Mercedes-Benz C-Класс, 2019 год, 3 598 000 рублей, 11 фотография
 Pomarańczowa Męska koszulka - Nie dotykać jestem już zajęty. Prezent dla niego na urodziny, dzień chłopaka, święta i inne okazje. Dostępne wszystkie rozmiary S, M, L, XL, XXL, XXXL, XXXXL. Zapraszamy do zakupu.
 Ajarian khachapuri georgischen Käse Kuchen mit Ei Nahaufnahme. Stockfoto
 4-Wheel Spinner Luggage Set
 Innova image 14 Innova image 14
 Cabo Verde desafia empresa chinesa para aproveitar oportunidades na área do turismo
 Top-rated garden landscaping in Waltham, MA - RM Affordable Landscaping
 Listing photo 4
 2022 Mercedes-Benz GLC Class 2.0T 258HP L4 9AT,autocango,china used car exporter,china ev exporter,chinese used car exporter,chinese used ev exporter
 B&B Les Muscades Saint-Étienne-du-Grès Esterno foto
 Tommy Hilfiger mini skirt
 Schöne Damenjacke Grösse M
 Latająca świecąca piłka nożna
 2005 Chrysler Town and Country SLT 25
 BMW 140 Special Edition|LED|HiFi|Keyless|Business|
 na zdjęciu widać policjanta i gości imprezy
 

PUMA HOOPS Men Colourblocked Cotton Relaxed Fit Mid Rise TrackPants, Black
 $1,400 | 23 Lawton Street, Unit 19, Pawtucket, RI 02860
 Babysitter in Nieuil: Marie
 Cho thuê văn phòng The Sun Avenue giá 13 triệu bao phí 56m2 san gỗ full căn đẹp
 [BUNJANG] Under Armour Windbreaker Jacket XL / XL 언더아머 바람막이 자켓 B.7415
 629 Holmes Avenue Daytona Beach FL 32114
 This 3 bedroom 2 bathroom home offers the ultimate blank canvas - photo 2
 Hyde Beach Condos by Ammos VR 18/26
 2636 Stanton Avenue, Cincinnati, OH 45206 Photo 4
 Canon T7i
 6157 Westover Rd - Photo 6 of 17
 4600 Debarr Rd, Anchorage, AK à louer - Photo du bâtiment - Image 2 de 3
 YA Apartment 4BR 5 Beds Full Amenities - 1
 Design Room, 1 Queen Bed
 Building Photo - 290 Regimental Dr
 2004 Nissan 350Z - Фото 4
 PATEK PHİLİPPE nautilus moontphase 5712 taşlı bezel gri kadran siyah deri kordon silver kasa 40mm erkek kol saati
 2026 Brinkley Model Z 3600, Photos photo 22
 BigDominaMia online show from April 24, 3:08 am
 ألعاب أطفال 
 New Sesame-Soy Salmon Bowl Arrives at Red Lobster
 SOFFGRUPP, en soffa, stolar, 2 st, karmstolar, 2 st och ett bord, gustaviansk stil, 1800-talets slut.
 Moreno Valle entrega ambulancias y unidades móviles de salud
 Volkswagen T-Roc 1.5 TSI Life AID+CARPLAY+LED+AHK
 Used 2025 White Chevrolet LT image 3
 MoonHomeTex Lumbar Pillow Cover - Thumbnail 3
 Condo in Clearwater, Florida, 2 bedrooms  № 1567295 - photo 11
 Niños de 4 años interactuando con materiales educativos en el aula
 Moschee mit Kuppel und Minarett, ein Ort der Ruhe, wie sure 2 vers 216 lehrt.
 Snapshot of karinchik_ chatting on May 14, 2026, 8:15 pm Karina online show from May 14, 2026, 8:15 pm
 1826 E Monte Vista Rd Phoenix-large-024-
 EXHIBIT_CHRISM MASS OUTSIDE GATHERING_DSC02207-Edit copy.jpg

- _Assignment_:
Repeat exactly the lines of the data from the first one through the line with "4-Wheel Spinner Luggage Set", both of them included.

- _Solution for this exercise_:
Mercedes-Benz C-Класс, 2019 год, 3 598 000 рублей, 11 фотография
 Pomarańczowa Męska koszulka - Nie dotykać jestem już zajęty. Prezent dla niego na urodziny, dzień chłopaka, święta i inne okazje. Dostępne wszystkie rozmiary S, M, L, XL, XXL, XXXL, XXXXL. Zapraszamy do zakupu.
 Ajarian khachapuri georgischen Käse Kuchen mit Ei Nahaufnahme. Stockfoto
 4-Wheel Spinner Luggage Set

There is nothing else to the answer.